Czas mierzony cierpieniem i łaską

ks. Rafał Starkowicz

publikacja 21.03.2014 18:02

- Wymiar 10 lat istnienia sopockiego hospicjum mierzony jest modlitwą, cierpieniem, pracą, służbą, pożegnaniem i rozstaniem z tym światem, ale także łaską nadziei, wiary i odwagi, by przejście to było naznaczone godnością człowieka odkupionego przez mękę i śmierć Jezusa Chrystusa - mówił podczas Mszy św. metropolita Sławoj Leszek Głódź.

Czas mierzony cierpieniem i łaską Wyróżnienia otrzymali także obecni i byli pracownicy Domu Hospicyjnego św. Józefa w Sopocie ks. Rafał Starkowicz /GN

Tegoroczna uroczystość św. Józefa była dla pracowników i podopiecznych sopockiego hospicjum okazją do świętowania.

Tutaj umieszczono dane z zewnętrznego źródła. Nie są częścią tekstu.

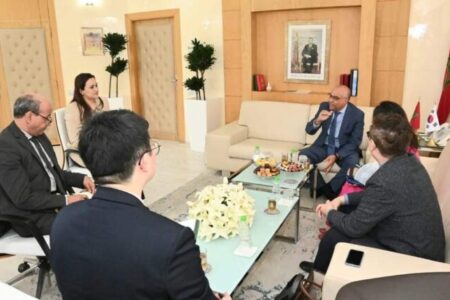 Minister of Higher Education, Scientific Research and Innovation received a South Korean delegation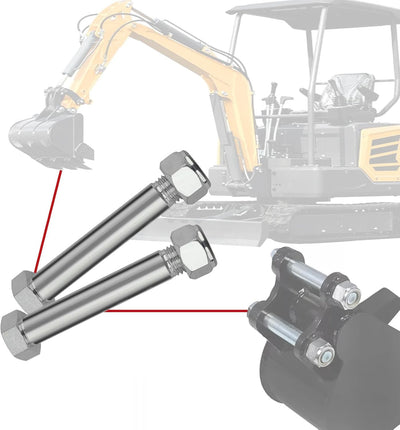 2X 25mm Mini Excavator Pins Replaceable Mini Digger Bucket Link Pin Attachments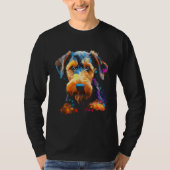 T-shirt Airedale Terrier Chiot Meilleur Chien Marcher Anim (Devant)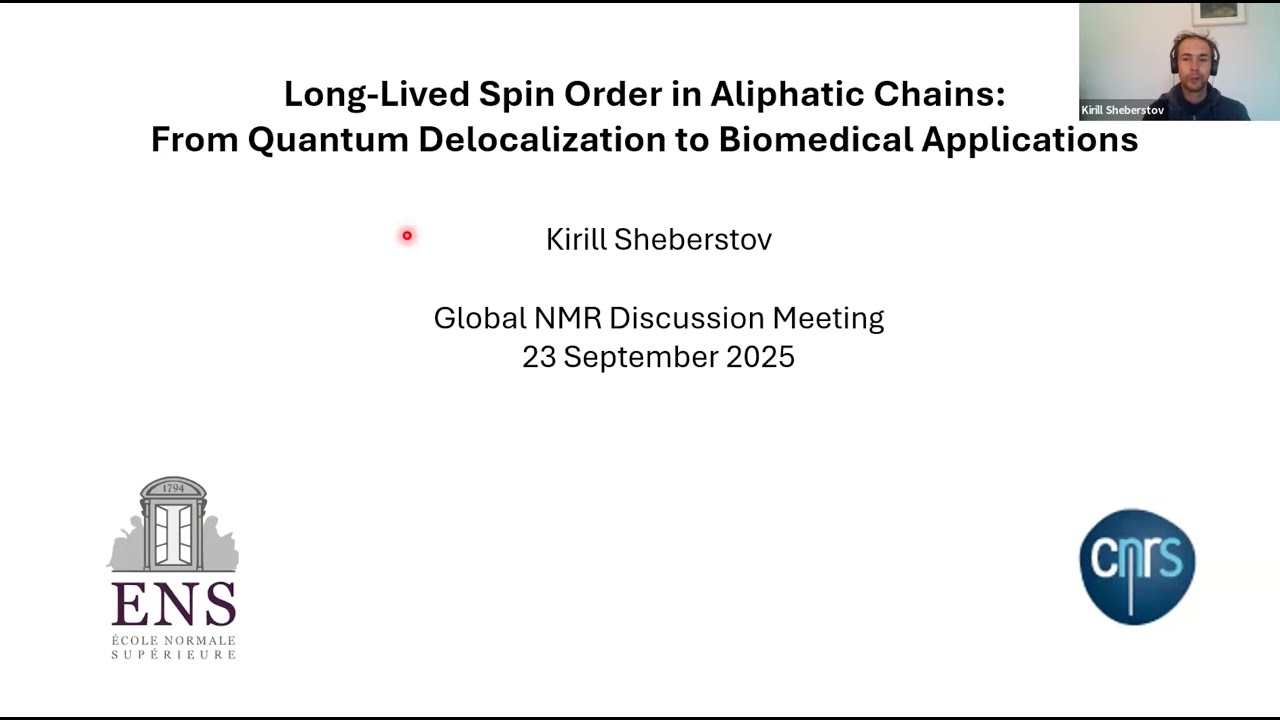 Long-Lived Spin Order in Aliphatic Chains | Dr. Kirill Sheberstov | Session 106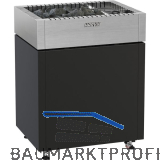 HARVIA Saunaofen Verdampfer Qube Combi 13,5 kW Schwarz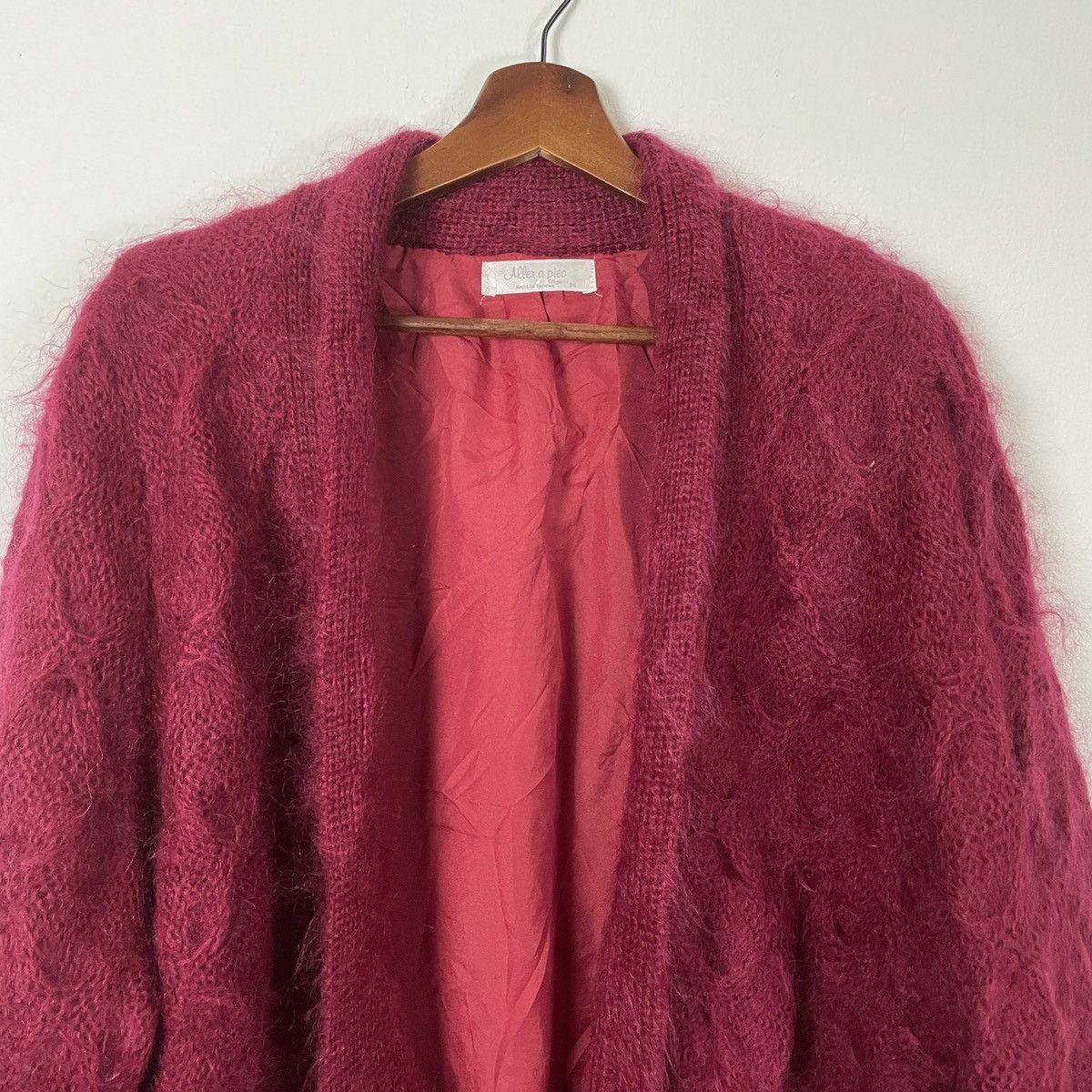 Other Vintage Allen A Pico Mohair Cardingan Size US XL / EU 56 / 4 - 4 Thumbnail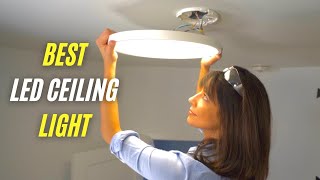 Ceiling Light Installation The BEST New LED Light Is [upl. by Danette]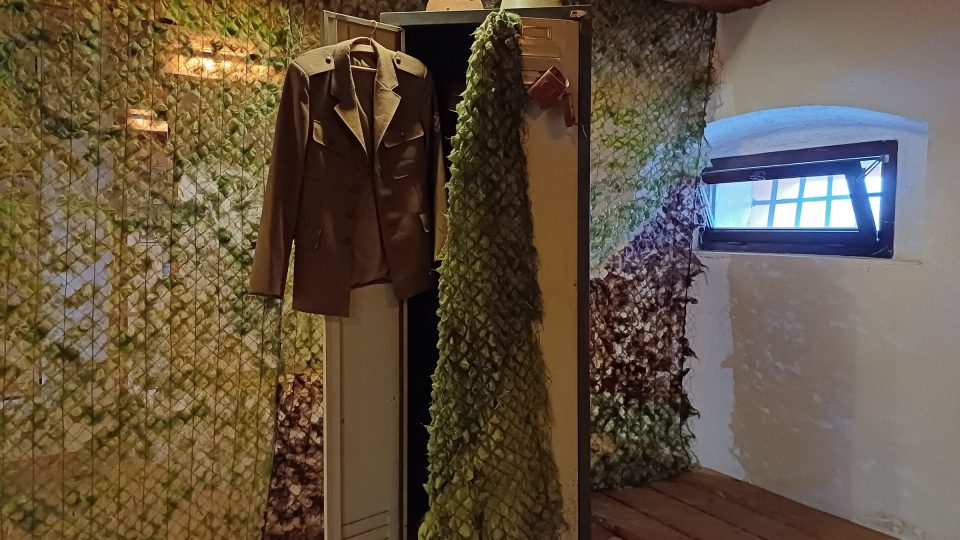 Část výstavy je věnovaná i Zelené hoře a Černým baronům | foto: Soňa Vaicenbacherová, Český rozhlas Část výstavy je věnovaná i Zelené hoře a Černým baronům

W katedrze oliwskiej zgromadzili się przedstawiciele środowisk medycznych, wolontariusze i pracownicy gdańskiej Caritas delegacje władz samorządowych oraz rodziny tych, którzy w minionych latach doświadczyli opieki sopockiej placówki. W modlitwie uczestniczyli także dobroczyńcy hospicjum, wśród nich Roman Rojek oraz członkowie fundacji „Dobroczynność”, dzięki której powstało Hospicjum św. Józefa. Mszy św. z okazji dziesięciolecia przewodniczył abp Sławoj Leszek Głódź, metropolita gdański.

- Każde hospicjum jest świątynią, w której oprócz krzyża i cierpienia znajdujemy przede wszystkim oblicze Chrystusa oraz potrzebę wyobraźni miłosierdzia - mówił do zgromadzonych metropolita. Nawiązując do służby cierpiącym braciom, hierarcha porównał pełnioną w hospicjum posługę do roli tych, którzy pomagali Chrystusowi w Jego krzyżowej drodze. - Ileż tu wielkich postaci: Szymona z Cyreny, który pomaga nieść krzyż. Weronik, które ocierają Chrystusową twarz. Ileż płaczących niewiast z VIII stacji drogi krzyżowej - mówił.

W homilii wygłoszonej podczas uroczystości, ks. Tomasz Kosewski, dyrektor hospicjum, przybliżył postać patrona placówki. - Św. Józef jest tak bliski osobom cierpiącym - podkreślał ks. Kosewski. - Nie przez przypadek został on obrany przez ówczesnego opiekuna realizacji Domu Hospicyjnego za szczególnego patrona. Jego dzieło było ciche, ale jakże owocne - zaznaczał kapłan.

Po Mszy św. uczestnicy obchodów dziesięciolecia Hospicjum udali się do Auli Jana Pawła II. Tam odbyła się druga część uroczystości. W swoim przemówieniu prof. Krystyna de Walden-Gałuszko, konsultant krajowy w dziedzinie medycyny paliatywnej podkreśliła, że hospicjum potrzebne jest dzisiejszemu człowiekowi, który gubi się w dzisiejszym świecie ulegającym technizacji, globalizacji, komercjalizacji, nieposkromionej żądzy posiadania oraz licznym, ale płytkim relacjom. - Hospicjum daje odpowiedź na pytanie: jaki jest sens naszej egzystencji - mówiła pani profesor.

Sopocka placówka uhonorowała także osoby zasłużone dla jej działalności Statuetką Hospicjum św. Józefa. Wśród wyróżnionych znaleźli się m.in. abp Sławoj Leszek Głódź, abp senior Tadeusz Gocłowski, Fundacja „Dobroczynność”, Jacek Karnowski, prezydent Sopotu oraz ks. Ireneusz Bradtke, który tworzył sopocki dom hospicyjny.

W ciągu 10 lat swojej działalności Hospicjum im. św. Józefa otoczyło troską ponad 2500 osób zmagających się z chorobą nowotworową.